7.2 Where any contract comprises operations such as creative work, printing or mailing, then any failure or delay by PG (whether actual or anticipated) in completing subsequent stages of the Contract shall not affect Client’s liability to pay amounts invoiced for work already completed.


8.1 PG shall retain the copyright of any material contained in any presentation made in competition with any other consultancy (whether successful or not) or otherwise.
8.2 At termination of this Contract unused or unpublished advertising plans and ideas prepared by PG, whether the subject of copyright or not, shall remain the property of PG and shall not be used by the Client thereafter, regardless of whether or not the physical embodiment of any creative work is in the Client’s possession of any form of copy/artwork.
8.3 PG creates work specifically to a brief from the Client and levies charges accordingly. Where the Client wishes to use work created by PG for purposes not specified within the original brief, or wishes to use work outside the UK where such use was not originally specified, PG can levy additional charges for such usage prior to granting rights to Client for use of such work.
8.4 PG will not knowingly infringe any trademark, patent or other intellectual property rights and accordingly gives no warranty that any material produced does not infringe on any such rights.
8.5 Client will indemnify PG against any liability it may incur as the result of any claims or proceedings brought against it based on material originating from Client or from the use of material by any third party authorised by the Client.
8.6 Client shall inform PG forthwith if it considers any statement in any copy produced by PG is false or misleading. Client agrees to supply PG forthwith when requested by PG with objective evidence in support of any assertations made or intended to be made on Client’s behalf.
8.7 PG will not knowingly infringe on any copy that may be copyright to another company/organisation. It’s the clients responsibility to confirm that they’ve checked and approved the copy. On final sign off of each project the client will indemnify PG against any liability it may incur as the result of any claims or proceedings made.

9.Artwork - Design Files

9.1 PG reserve the right to retain all source files that have been designed/artworked in a design application. Print ready pdf’s can be supplied as outlined in point 10.1.

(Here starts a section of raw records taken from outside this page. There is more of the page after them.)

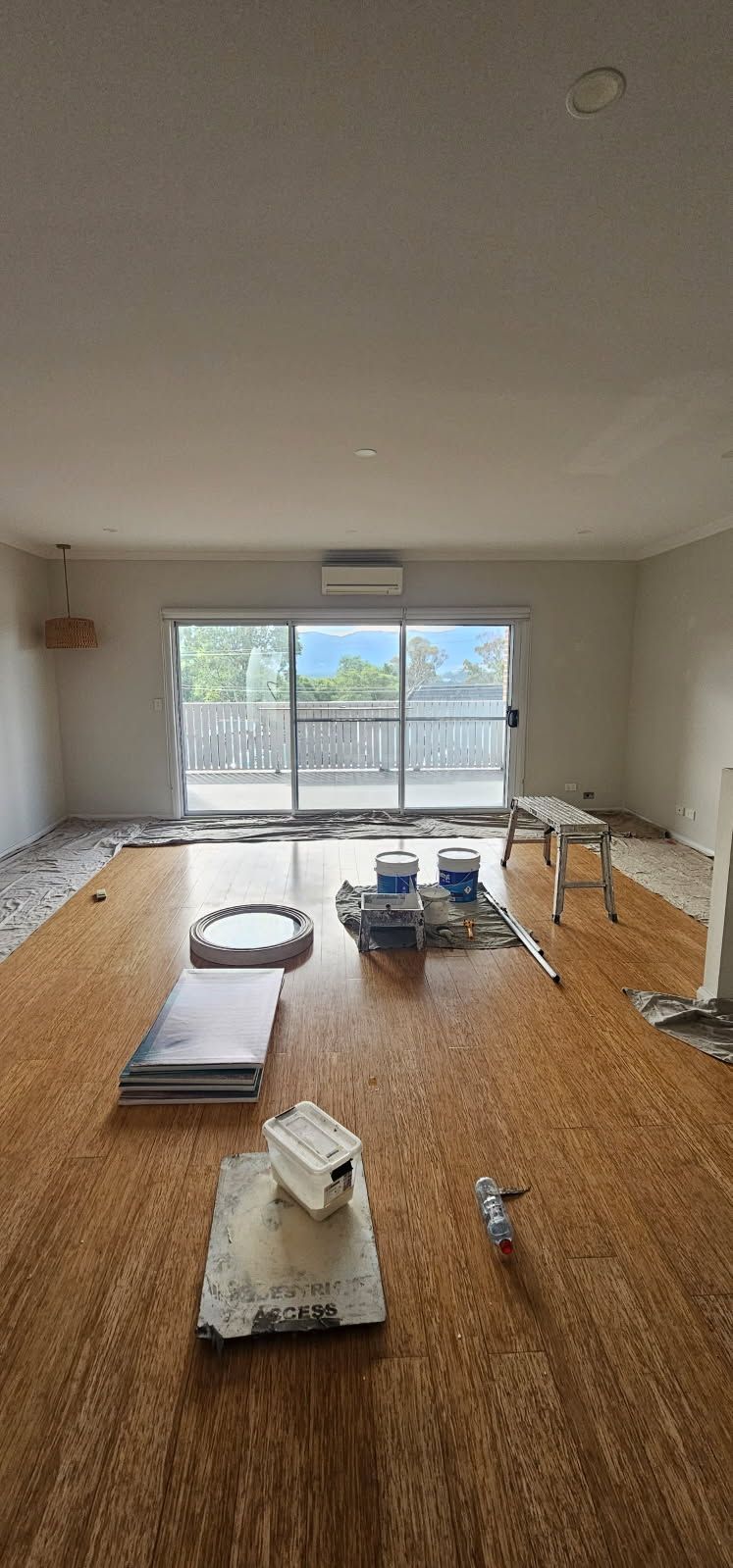 A living room with a wooden floor and a large window.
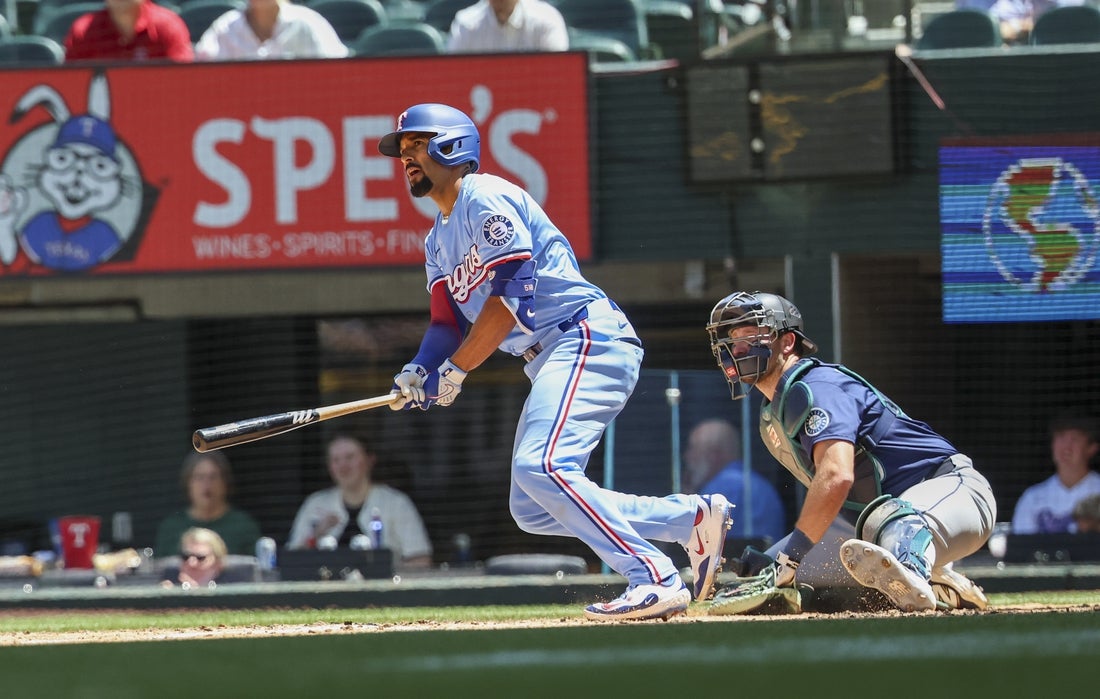 May 4, 2025; Arlington, Texas, USA; Texas Rangers shortstop Corey Seager (5) hits an rbi single during the third inning against the Seattle Mariners at Globe Life Field. Mandatory Credit: Kevin Jairaj-Imagn Images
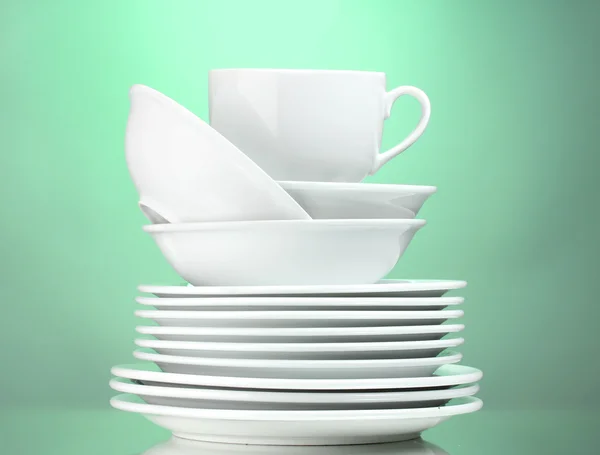 Καθαρά πιάτα και κύπελλο σε πράσινο φόντο — Φωτογραφία Αρχείου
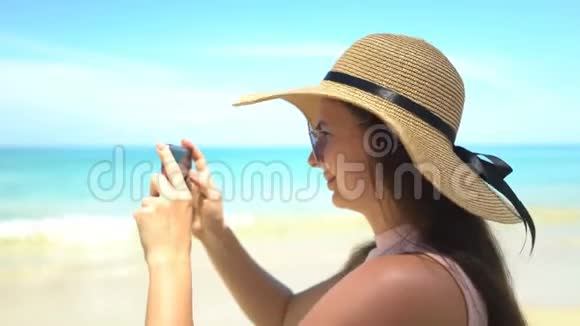 戴帽子的年轻旅行者女士在海边的智能手机拍照视频的预览图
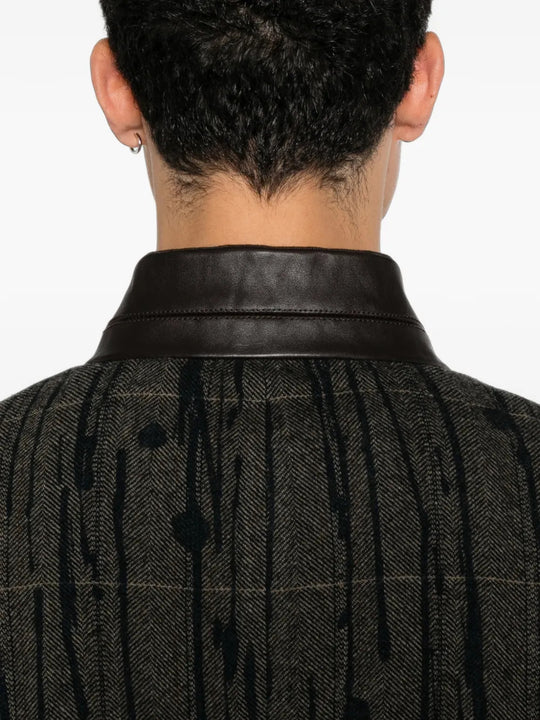 Grey blazer worn by a person, showing the blazer fit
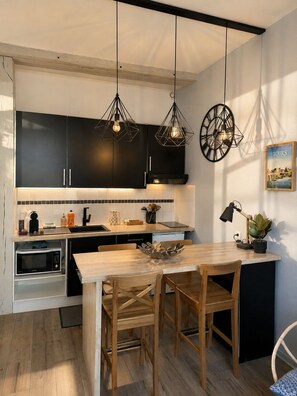 A modern kitchen with black cabinets, a wooden dining table, and pendant lights. - Le Passage du Colbert - Comfort & Design - Downtown (Tours)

10.Artwork - Archiving Files

10.1 PG will securly archive artwork for up to 5 years. Clients may request non-editable print ready pdf’s within the period stated. Please note that PG?reserve the right to charge for the time to collate and send requested files that are older than 2 years.

11.Artwork - Files

11.1 PG will retain files/artwork/pdf’s as outlined in point 10.1 but cannot held responsible for files/artwork/pdf’s becoming corrupt after 2 years.

12.Typefaces / Fonts

12.1 PG work with typefaces/fonts that are licensed for individual Client’s. This includes fonts used for a clients logo and those outlined in the Client’s brand guidelines. Client will indemnify PG against any liability it may incur as the result of any claims or proceedings brought against it based on typefaces/fonts originating from the Client or from the use of material by any third party authorised by the Client.

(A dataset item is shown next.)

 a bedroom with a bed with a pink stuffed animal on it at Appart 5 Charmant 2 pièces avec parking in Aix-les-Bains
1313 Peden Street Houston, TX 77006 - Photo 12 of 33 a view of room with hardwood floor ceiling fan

13.1   PG purchase stock images that are licensed for individual clients. Client will indemnify PG against any liability it may incur as the result of any claims or proceedings brought against it based on photographs originating from the Client or from the use of material by any third party authorised by the Client.

14.Data Protection

14.1 Client will comply with the requirements of the Data protection Act 1988 and any statutory modification or re-enactment thereof.
14.2 Client indemnifies PG against any loss or expense that PG may incur from proceedings brought against PG as a result of any failure by Client to comply with Data Protection legislation.

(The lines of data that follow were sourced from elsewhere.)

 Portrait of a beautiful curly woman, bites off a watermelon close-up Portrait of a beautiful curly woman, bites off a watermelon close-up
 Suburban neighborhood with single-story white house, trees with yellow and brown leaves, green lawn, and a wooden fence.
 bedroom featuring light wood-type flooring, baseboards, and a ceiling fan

15.1 Please also note that colour may vary between monitors and printers – the colour on the Client’s monitor or printer may not be exactly the same as the colour that is printed. If precise colour-matching is critical to the job, PG recommend a press-printed proof which can be quoted separately. Due to the variety of materials and manufacturing processes utilised by PG and our suppliers, no guarantee can be given to match each printed or supplied product colour exactly. PG will endeavour to match as closely as possible to the colour references required, but cannot be held liable for any variations that may arise.


16.1 If there is a defect with the product, the Client must notify PG within 5 business days of receiving your order. In order for us to replace your order, we will arrange to collect the full order. On assessment if PG are responsible for any errors in print quality, we will organise a reprint.


17.1 Every effort will be made to ensure projects are delivered on time, but any delivery day or lead time specified is an estimate and no liability is accepted for any loss arising from delay or error in the delivery of the goods. Delivery is included within the order unless previously outlined. Lead times will be from the date/time we receive final proof approval unless otherwise stated. The risk of the goods shall pass to you on delivery. All goods delivered, remain the property of PG until payment is received in full.

18.Nature of Agreement

18.1 These Terms, together with any quotation, agreed specification and special written terms issued to Client, constitute the whole contract/project between Client
18.2 No variation to these Terms shall be effective unless made in writing and signed by a duly authorised employee of PG.

19.Copyright Disclaimer

19.1 “The client warrants that any artwork, logos, design elements, graphics, text, or other components that has been submitted to PG for printing (the “Materials”) do not infringe on the intellectual property rights, including copyright and trademark rights, of any third party. The client agrees to indemnify PG against any damages, losses and expenses, including legal fees, arising out of or resulting from claims that the Materials infringe on the intellectual property rights of third parties.”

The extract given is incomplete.